И так каждую ночь… Команда занималась своими делами: разбирали на топливо переборки корабля, утепляли жилые помещения толью, старым шлаком из котлов и слоем снега, охотились, чтобы пополнить убывающие запасы продовольствия, а хозяин все болел…
«Но разве в этом только дело?» — сверлит мозг штурмана вопрос. И он, похолодев, с тяжелой, горящей головой садится на койку и смотрит на спину Александра. Нет, нужно заснуть, отогнать кошмарные видения. Он снова ложится и поворачивается лицом к стенке.

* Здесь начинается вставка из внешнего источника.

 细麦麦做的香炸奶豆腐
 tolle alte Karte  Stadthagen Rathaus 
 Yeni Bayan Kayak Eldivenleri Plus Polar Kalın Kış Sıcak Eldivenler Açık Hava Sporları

Вот так и там, на «Святой Анне», — лицом к стенке. А из-за нее слышится горячий задыхающийся шепот хозяина и… барышни.
Милая застенчивая Ерминия Александровна! Так она и не стала невестой и заботливой женой… Она больше всех выстрадала из-за нрава больного Брусилова. Частенько в сиделку летели и чашки и тарелки, когда она слишком настойчиво уговаривала Георгия Львовича «откушать бульона или кашки». И такая отборная ругань!.. Но куда денешься?..
Она потеряла девичью стройность, фигура ее оплыла, но от этого Ерминия не стала менее привлекательной для Альбанова.
О, этот шепот требовательного барина! Альбанов переворачивается на спину, мечется головой по подушке. Нет, он никому ничего не скажет об «их» счастье. Он один будет носить в себе свое горе, всю свою боль. Милая Ерминия, это умрет с ним!..
И все-таки штурману невмоготу!
Проходило лето, а капризность хозяина не уменьшалась. Брусилов был мелочно придирчив, лез во все дела, давал разноречивые приказания, сбивавшие с толку людей.
«Не могу больше! — часто думал Альбанов. — Такому человеку нельзя подчиняться!»
Корабль несло куда-то на север. Они уже были северо-восточнее Новой Земли, а их тянуло еще дальше к полюсу. Рубили на топливо деревянные части «Святой Анны». Уменьшался запас продовольствия, хотя моряки добывали немало тюленей и медведей. Кончалось лето, и впереди новая зимовка.
И вот 22 сентября 1913 года они — капитан и штурман — в тесной каюте ведут тяжелый разговор, с ненавистью поглядывая друг на друга. Уже с первых слов у обоих голос стал прерываться, спазмы подступили к горлу.